On Friday, October 25th Google announced the release of the BERT algorithm. BERT (Bidirectional Encoder Representation from Transformers) is a bidirectional natural language processing pre-training.
In order to understand just exactly what BERT does, we first need to break down what “bidirectional natural language process pre-training” means. A “natural language processing (NLP)” is a type of artificial intelligence that was created to help fill the gap between how humans communicate and what computers understand. A “pre-training representation” can either be context-free or contextual. A context-free model (which was previously used) generates a single word meaning without context. Google provided the following example for a context-free-model:
the word “bank” would have the same context-free representation in “bank account” and “bank of the river.
Whereas a contextual model, which can be unidirectional or bidirectional, generates a representation of each word that is based on the other words in the sentence for context.
In the sentence “I accessed the bank account,” a unidirectional contextual model would represent “bank” based on “I accessed the” but not “account.” However, BERT represents “bank” using both its previous and next context — “I accessed the … account” — starting from the very bottom of a deep neural network, making it deeply bidirectional.
Essentially, with BERT, Google can interpret the appropriate meaning of a word by looking at the surrounding words, rather than processing words one-by-one in order. In addition, Search will be able to understand queries and content that are more natural language- and conversation-based.
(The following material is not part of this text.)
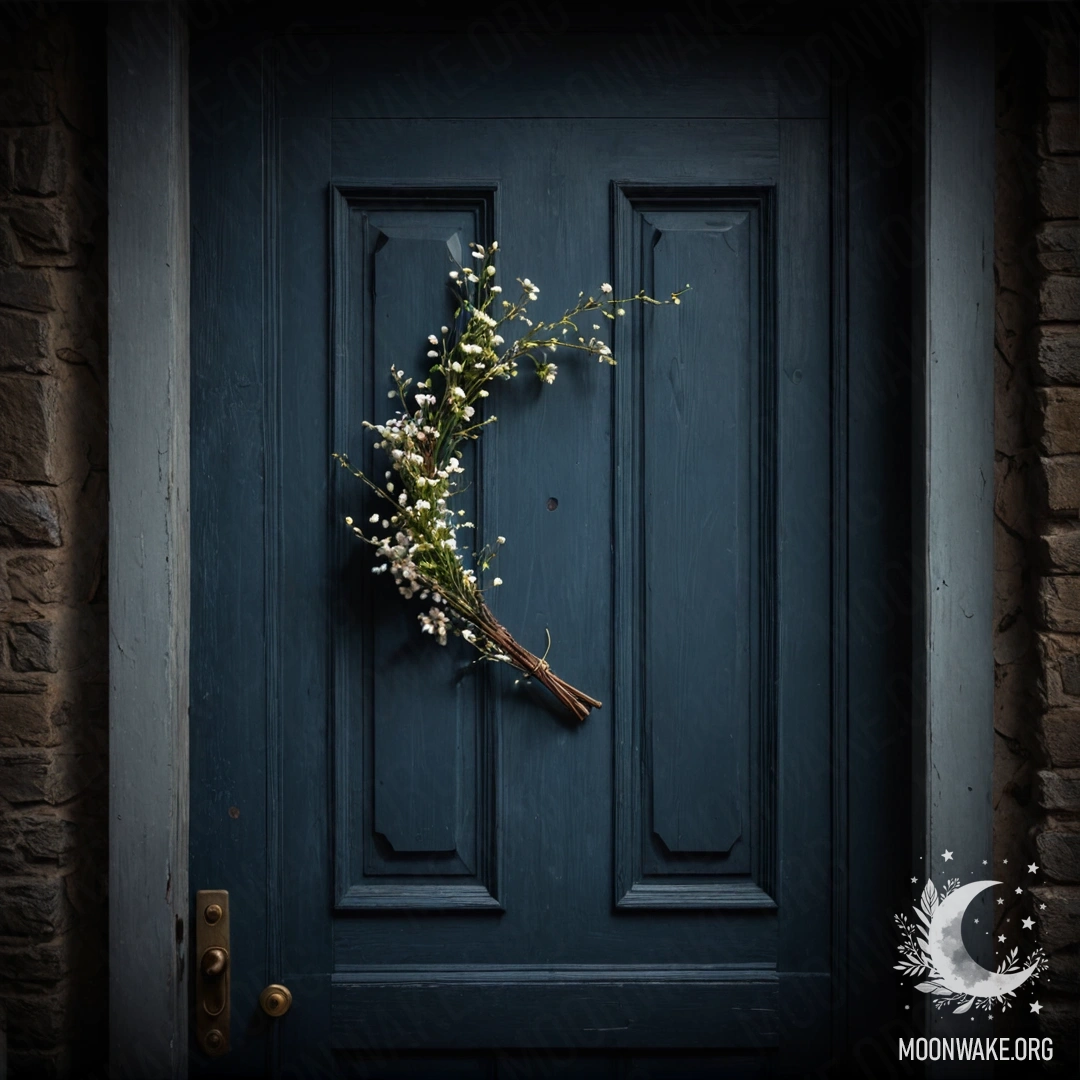 A shabby door adorned with twigs and flowers on the handle, set at night.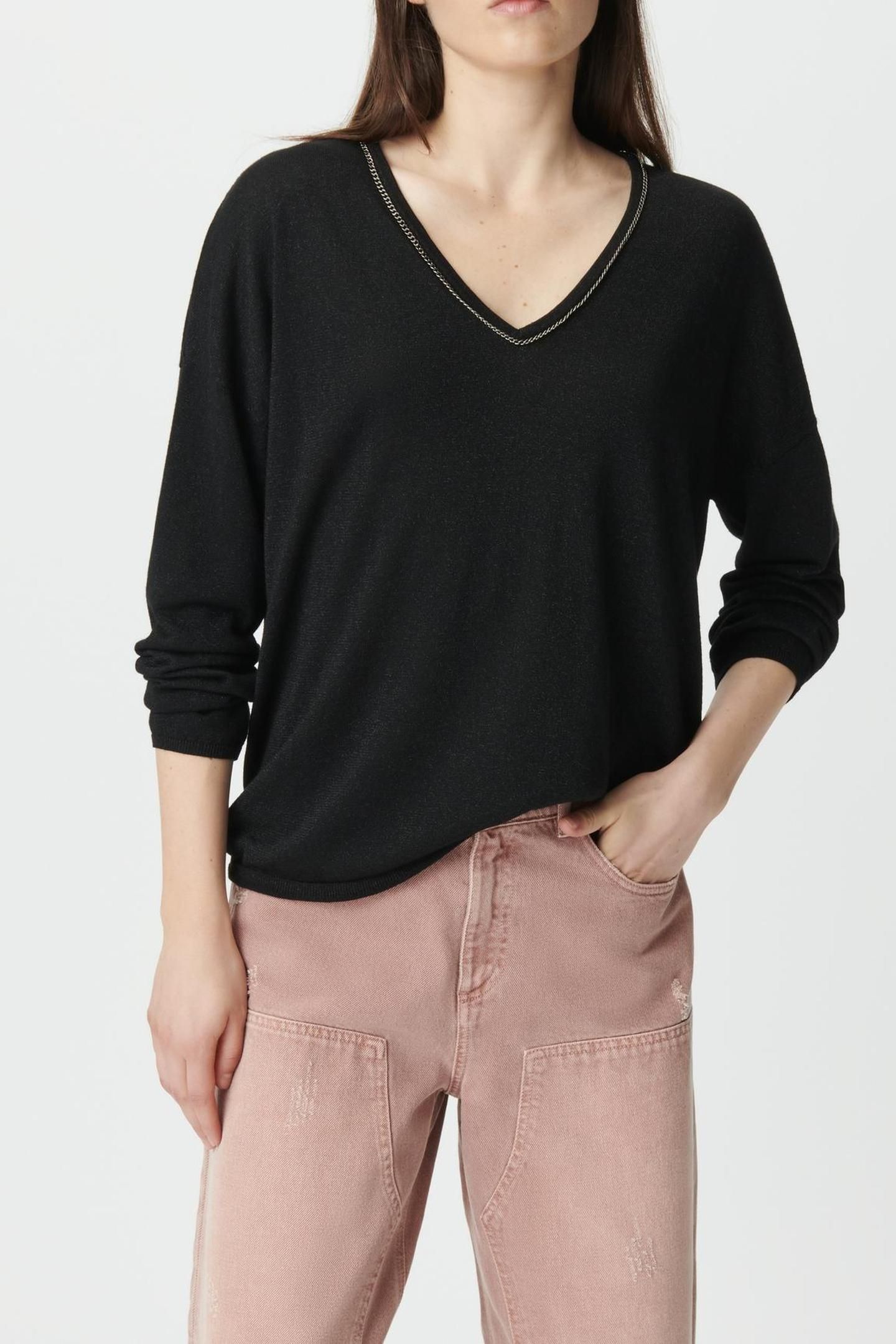 BLACK FINE LUREX KNIT SWEATER WITH JEWEL NECK 1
It is important to note that BERT does not replace RankBrain, which was the first artificial intelligence method used by Google for understanding queries. BERT is merely an additional method for understanding context and queries.
Examples
Below are examples provided by Google that show BERT’s ability to better understand the intent behind a user’s search:
Search Example:
Here’s a search for “2019 brazil traveler to usa need a visa.” The word “to” and its relationship to the other words in the query are particularly important to understanding the meaning. It’s about a Brazilian traveling to the U.S., and not the other way around. Previously, our algorithms wouldn’t understand the importance of this connection, and we returned results about U.S. citizens traveling to Brazil. With BERT, Search is able to grasp this nuance and know that the very common word “to” actually matters a lot here, and we can provide a much more relevant result for this query.
Rich Snippet Example:
In the past a query like this would confuse our systems – we placed too much importance on the word “curb” and ignored the word “no”, not understanding how critical the word was to appropriately respond to this query. So we’d return results for parking on a hill with a curb.
Implications for Brands
Google announced that BERT will impact about 10% of all English-language queries (with plans to expand to other languages in the future). This update, however, is already available globally for featured snippets. So how will BERT impact SEO and rank? Brands are unlikely to see a substantial impact from the update. Why? As previously mentioned, BERT allows search engines to understand longer, more conversational queries, which in the SEO world means long-tailed queries. Brands, however, are not likely tracking these long-tailed queries, as they tend to track short-tailed queries that send high volumes of traffic to the brand’s website. If a brand’s SEO strategy isn’t targeting long-tailed queries, the brand is less likely to see BERT’s impact. In the next few weeks and months, site owners may begin to see more long-term queries appearing in search results for their particular brand. These changes are likely to appear in Google Search Console and Brightedge’s Data Cube. As a result, brands should consider integrating long-tailed keywords into their keyword strategy as the future of search appears to be heading towards more natural, organic content.
How Performics Can Help?
While other agencies focused on purely technical SEO considerations may be at a loss on how to optimize content towards the BERT algorithm, Performics’ content marketing model is predicated on this sort of inevitable technological advancement. Performics offers an end-to-end performance-driven content solution for brands, focused on Intent-Based content creation. Performics created a proprietary research unit, the Intent Lab, in partnership with Northwestern University to uncover intent and apply it to our clients’ content optimization strategies. The Intent Scoring Algorithm enables brands to classify keywords by intent and align messaging with consumers’ stage in their journey. This process allows Performics to create unique, relevant and meaningful copy for every stage in the consumer journey.
We intentionally hire copywriters who come from a number of different backgrounds, not just digital. Their skill sets range from journalism to creative writing, from stage and film scripting to academic research. That’s because we not only pride ourselves in having a copywriting team that is well-versed in SEO, but we also want them to write primarily for the audience’s benefit―to reach the person behind the click. They are writing copy in a way that is both SEO optimized and intent-focused.
With the implementation of the BERT update, search is one step closer to understanding naturalistic, human communication. When it comes to performance content, Performics is positioned to not only make the most of the current Search landscape for your brand, but also deliver top-tier content that will continue to perform strongly as Search technology becomes more and more advanced. Performics recommends that brands assess their overall content strategy, particularly ensuring copy is focused not only on integrating more long-tailed keywords but also on conversational content that provides unique value to users.